Challenge 2: Add Exponential Backoff for Missing Data
Difficulty: Intermediate
Task: Currently, forward-fill uses a fixed limit (MAX_MISSING_SAMPLES). Implement an exponential decay on the confidence of imputed values.
Requirements:
- Add a
confidencefield toSensorReading - Reduce confidence by 10% for each consecutive imputed value
- Stop imputing when confidence drops below 50%
- Display confidence in serial output
Expected Outcome: Imputed values should be flagged with decreasing confidence as gaps grow longer.
Challenge 3: Cross-Sensor Validation
Difficulty: Advanced
Task: Add plausibility checking between temperature and light sensors. If it is very bright (high light), temperature should be reasonable for daytime.
Requirements:
- If light > 50000 lux and temperature < 10C, flag as suspicious
- If light < 100 lux and temperature > 35C (outdoors), flag as suspicious
- Add a new LED or serial indicator for cross-sensor anomalies
Expected Outcome: The system should detect when sensor readings are physically inconsistent with each other.
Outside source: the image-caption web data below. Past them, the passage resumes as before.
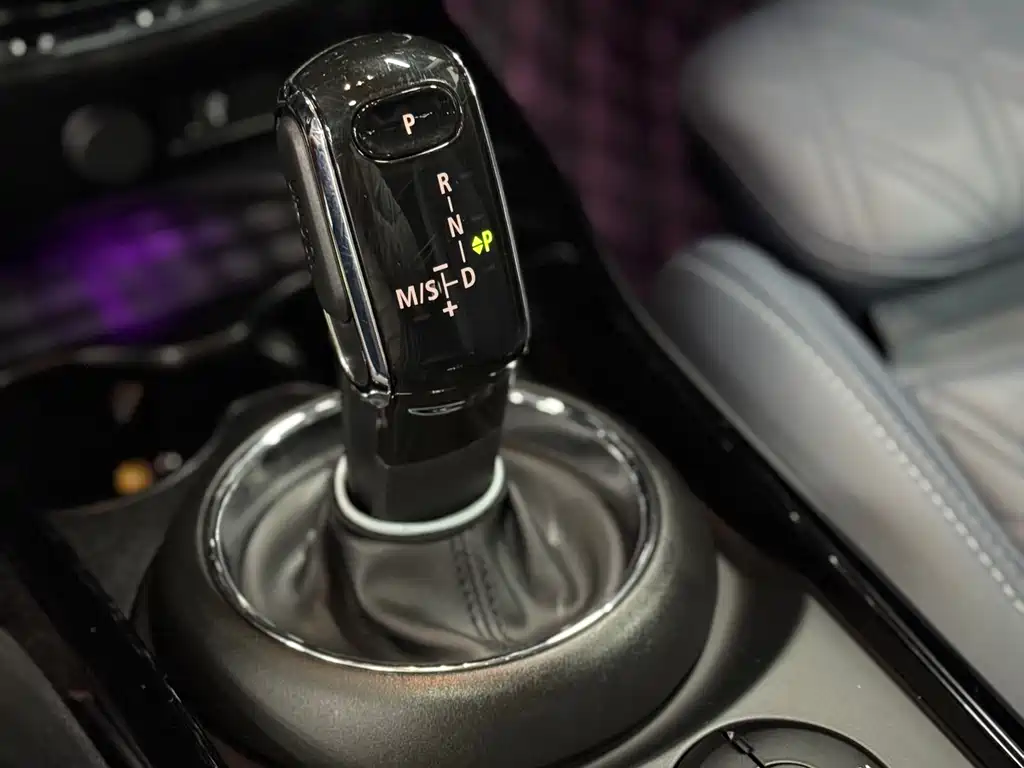 MINI Clubman 2020 — фото 19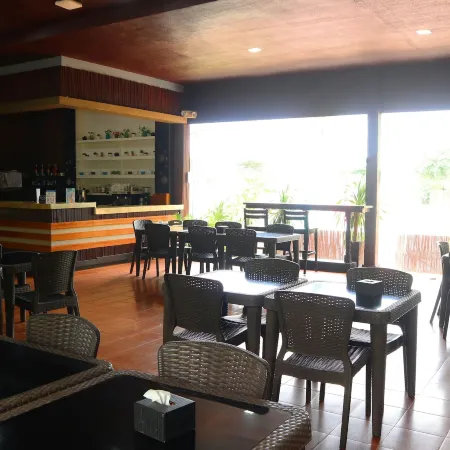 Dolores Tropicana Resort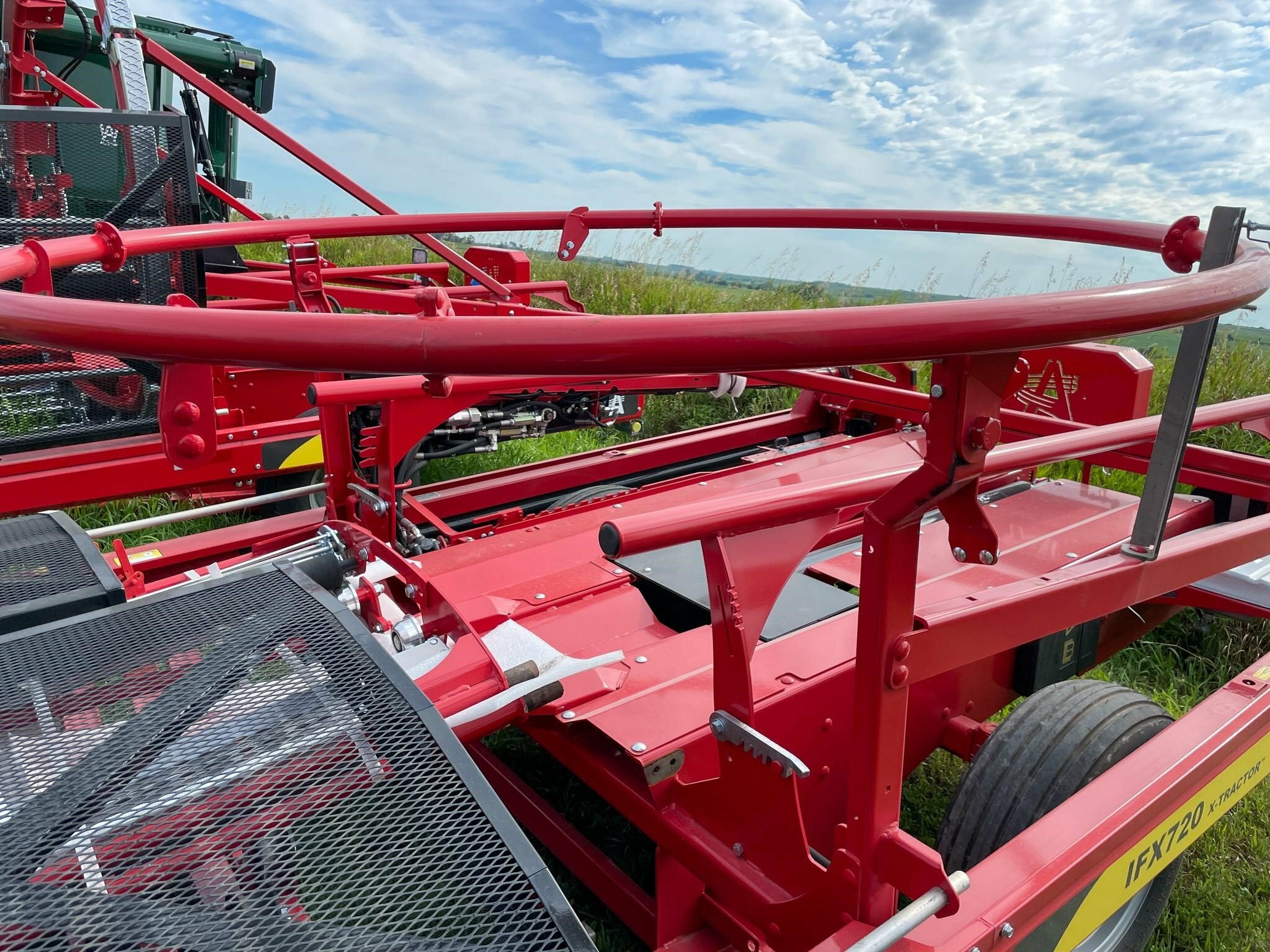 2026 Anderson IFX720 Bale Wrapper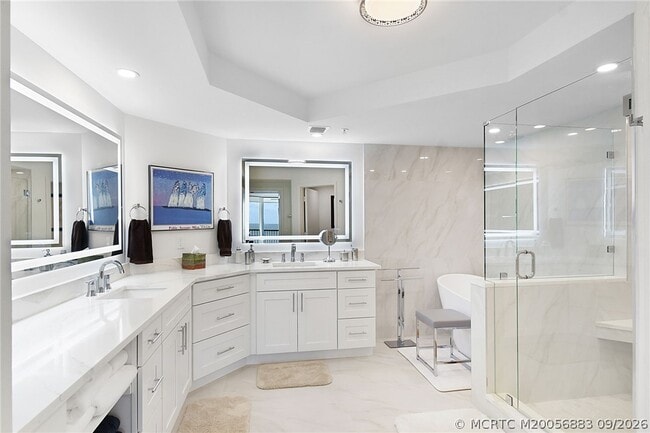 Building Photo - 8600 S Ocean Dr
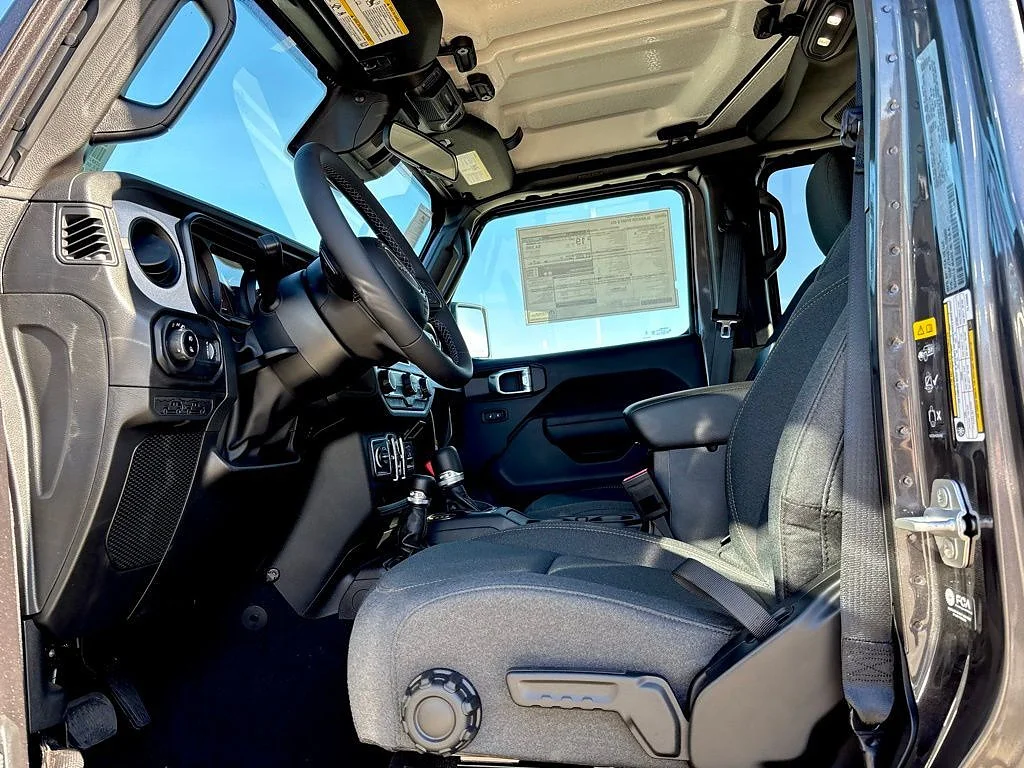 New 2026 Granite Crystal Metallic Clear Coat Jeep Sport S 4x4 image 10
Challenge 4: Implement Kalman Filter
Difficulty: Advanced
Task: Replace the exponential smoothing filter with a simple Kalman filter for temperature.
Requirements:
- Implement 1D Kalman filter with process noise and measurement noise
- Estimate the Kalman gain dynamically
- Output both the filtered value and the uncertainty estimate
Learning: Kalman filters provide optimal estimation when process and measurement noise characteristics are known.
44.4.8 Expected Outcomes
After completing this lab, you should be able to:
- Understand validation trade-offs: Strict validation catches more errors but may reject valid extreme readings
- Choose appropriate outlier methods: Z-score for Gaussian data, IQR/MAD for robust detection
- Select imputation strategies: Forward-fill for slow-changing, interpolation for trending data
- Apply noise filters correctly: Median for spikes, moving average for steady-state noise
- Normalize for fusion: Understand when to use min-max vs Z-score normalization
Quality Metrics to Observe:
- Valid sample rate should be >90% under normal conditions
- Outlier rate should be <5% for stable sensors
- Imputed values should maintain temporal continuity
Worked Example: Multi-Sensor Normalization for Anomaly Detection
Scenario: You’re building an anomaly detection system for a server room with 3 sensors: temperature (15-35°C), CO2 (400-5000 ppm), and humidity (30-70%). A neural network needs all inputs on the same scale to detect abnormal conditions.
Given:
- Temperature sensor: range 15-35°C, current reading 28°C
- CO2 sensor: range 400-5000 ppm, current reading 1200 ppm
- Humidity sensor: range 30-70%, current reading 55%
- Neural network requires inputs in 0-1 range
Question: Normalize these readings and explain why proper normalization matters for the neural network.
Solution:
Step 1: Calculate min-max normalization for each sensor
Temperature normalization:
normalized_temp = (28 - 15) / (35 - 15)
= 13 / 20
= 0.65
CO2 normalization:
normalized_co2 = (1200 - 400) / (5000 - 400)
= 800 / 4600
= 0.174
Humidity normalization:
normalized_humidity = (55 - 30) / (70 - 30)
= 25 / 40
= 0.625
Step 2: Show the impact WITHOUT normalization
If we fed raw values to the neural network: - Input vector: [28, 1200, 55] - CO2 value is 40x larger than temperature - Neural network gradient updates would be dominated by CO2
Example gradient calculation (simplified):
Cost function: J = (pred - actual)²
Gradient w.r.t. weight: ∂J/∂w = 2 × (pred - actual) × input_value
For temperature: gradient ∝ 28
For CO2: gradient ∝ 1200 (43x larger!)
For humidity: gradient ∝ 55
The network would learn to minimize CO2 error while ignoring temperature and humidity!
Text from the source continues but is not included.